Items listed in a dataset
== Segment start ==

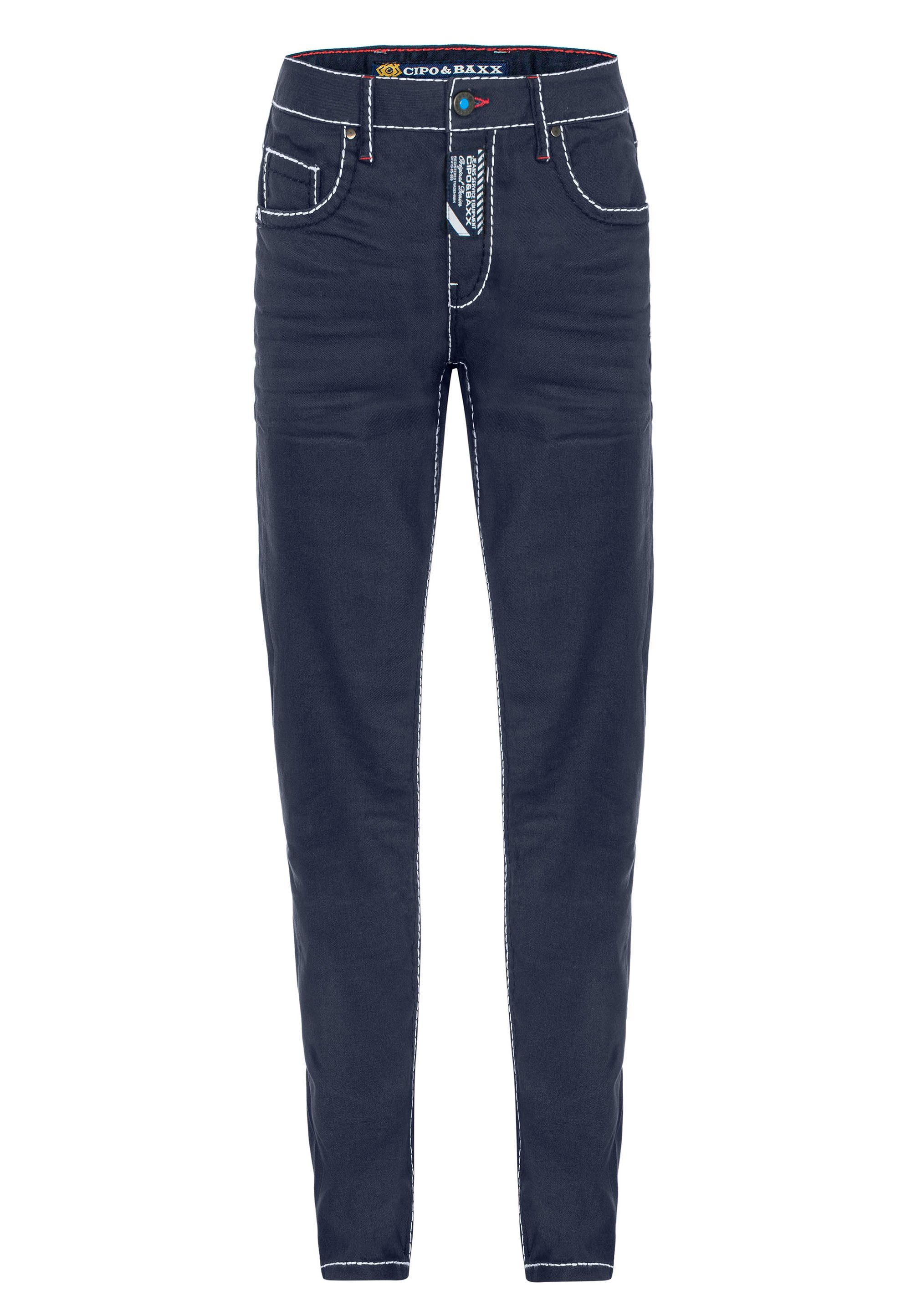 Cipo Kontrastnähten Straight-Jeans trendigen mit & Baxx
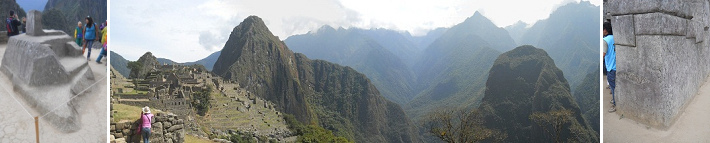Sicht auf Machu Picchu mit den
                      Hausbergen Huchuypicchu (klein), Huaynapicchu
                      (gross) und dem Putucusi-Berg und den Bergen im
                      Hintergrund, Panoramafoto - links der
                      Sonnenjahrstein - rechts der geschnittene
                      Gigastein des Mediationszimmers mit 32 Ecken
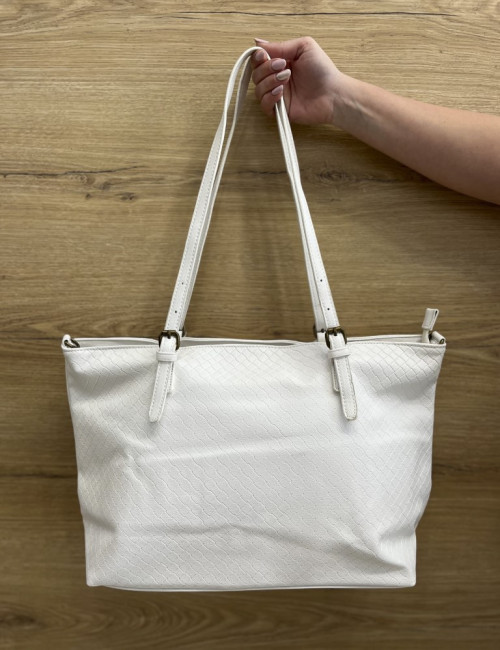 Γυναικεία λευκή καπιτονέ τσάντα ώμου 993575W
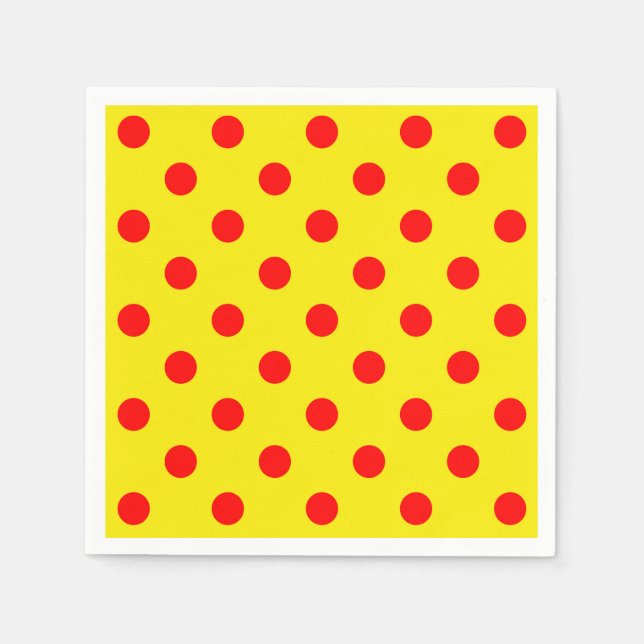 Red On Yellow Polka Dots Pattern Design  Napkins (Front)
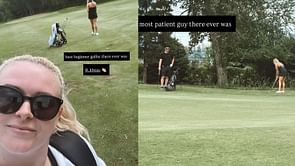 Carey Price's wife Angela enjoys golfing day out with 'most patient guy there ever was' in Habs legend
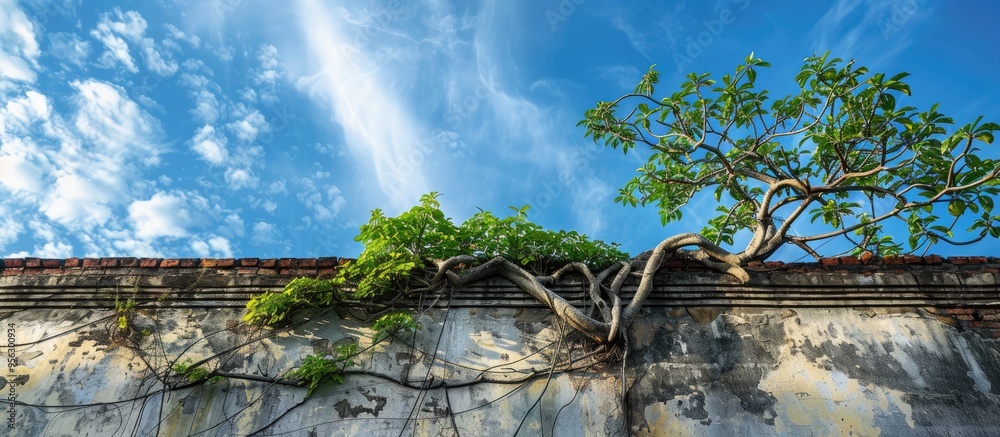 Aufkleber javanese tree roots cissus nodosa with lush green leaves sprawling on house walls set against a blue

== Segment end ==

■ Task to complete
Word for word, restate the records shown above, minus the pictures.

■ Reply to the task
 Cipo Kontrastnähten Straight-Jeans trendigen mit & Baxx
Sicht auf Machu Picchu mit den
                      Hausbergen Huchuypicchu (klein), Huaynapicchu
                      (gross) und dem Putucusi-Berg und den Bergen im
                      Hintergrund, Panoramafoto - links der
                      Sonnenjahrstein - rechts der geschnittene
                      Gigastein des Mediationszimmers mit 32 Ecken
 Γυναικεία λευκή καπιτονέ τσάντα ώμου 993575W
 Red On Yellow Polka Dots Pattern Design  Napkins (Front)
 Carey Price's wife Angela enjoys golfing day out with 'most patient guy there ever was' in Habs legend
 Aufkleber javanese tree roots cissus nodosa with lush green leaves sprawling on house walls set against a blue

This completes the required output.